HSBC’s profits were held back in the first-half by an additional $1.5bn of provisions for misconduct, including an extra $1.3bn for upcoming foreign exchange settlements. HSBC is being investigated by authorities in countries including the US, Brazil and South Korea, as well as the EU.
It is also facing private and public legal action over claims of manipulation of interest rate benchmarks including Libor, but is as yet unable to estimate the likely cost of the cases.
Other expected legal bills include costs of up to $700m in Brazilian interest rate claims, $3.6bn for securities litigation in the US, $500m related to its US cards business and $800m in claims around the Bernie Madoff fraud. However, the bank stressed that the outcomes of these cases and the related costs were still highly uncertain.
HSBC said its overall profits for the first six months of the year represented a 2 per cent rise, once the positive effect of currency movements and other one-off items were stripped out.
“We have commenced our work to reduce costs and expect to be able to demonstrate tangible progress in the coming quarters,” said Stuart Gulliver, chief executive. “Fulfilling these actions will also entail a number of one-off transformation costs, some of which will be incurred during the second half of 2015.”
The cost-cutting drive will include up to 25,000 job cuts worldwide. A further 22,000 jobs in the UK will be re-assigned to a new employer later this year as the British retail bank is carved out into a separate ring-fenced unit, headquartered in Birmingham. HSBC is planning to rebrand this unit, potentially reviving the old Midland Bank brand or expanding its successful online name First Direct. The unit could also be floated off on the stock market as a separate entity.
Mr Gulliver said the bank was pouring more resources into its Asian business, with half of all its reallocated capital going to the region, and the remainder being spread more thinly around the rest of the world. When the bank cannot find suitable high-return investments, it will return capital to the shareholders, he said.

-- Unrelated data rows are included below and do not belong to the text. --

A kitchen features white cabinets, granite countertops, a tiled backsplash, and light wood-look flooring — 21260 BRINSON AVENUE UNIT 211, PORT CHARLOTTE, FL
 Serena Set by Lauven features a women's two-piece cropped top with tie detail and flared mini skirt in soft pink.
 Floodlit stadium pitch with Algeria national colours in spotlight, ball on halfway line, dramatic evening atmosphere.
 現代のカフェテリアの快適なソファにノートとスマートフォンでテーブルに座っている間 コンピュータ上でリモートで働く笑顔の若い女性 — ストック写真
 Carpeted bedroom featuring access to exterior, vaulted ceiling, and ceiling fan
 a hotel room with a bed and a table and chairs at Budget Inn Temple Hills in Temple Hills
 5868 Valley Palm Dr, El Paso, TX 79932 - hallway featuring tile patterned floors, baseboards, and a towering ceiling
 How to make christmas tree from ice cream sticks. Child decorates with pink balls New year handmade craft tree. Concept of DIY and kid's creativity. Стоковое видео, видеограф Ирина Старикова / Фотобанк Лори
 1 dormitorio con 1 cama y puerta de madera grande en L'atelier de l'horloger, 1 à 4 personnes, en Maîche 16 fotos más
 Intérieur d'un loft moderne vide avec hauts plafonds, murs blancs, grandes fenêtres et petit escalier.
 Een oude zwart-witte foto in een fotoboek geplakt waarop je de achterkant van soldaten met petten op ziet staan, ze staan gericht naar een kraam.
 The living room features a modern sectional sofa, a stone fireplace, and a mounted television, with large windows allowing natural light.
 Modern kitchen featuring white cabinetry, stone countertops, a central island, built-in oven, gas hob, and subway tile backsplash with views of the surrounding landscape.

Revenue in Hong Kong rose by 10 per cent, on strong retail and wealth management performance, helping drive Asian pre-tax profits up 7 per cent to $8bn. As a result Asia makes the vast majority of the group’s global profits, and contrasts sharply with Europe where adjusted pre-tax profits fell 6pc to $2.8bn as regulatory and compliance costs continued to bite.
Global banking and markets, the firm’s investment banking arm, reported pre-tax profits of $4.8bn, a rise of 12 per cent on the same period last year. The result marks a recovery from a rocky end to 2014, when the investment bank posted worse-than-expected losses on loans.
HSBC’s global private bank, which is under investigation for the tax affairs of its Swiss clients, saw profits fall 4 per cent to $321m.
The firm said its common equity tier 1 ratio was 11.6 per cent, up from 11.3 per cent a year ago, as the bank improves its capital base and shrinks its overall size. Total assets fell from $2.75 trillion a year ago to $2.57 trillion.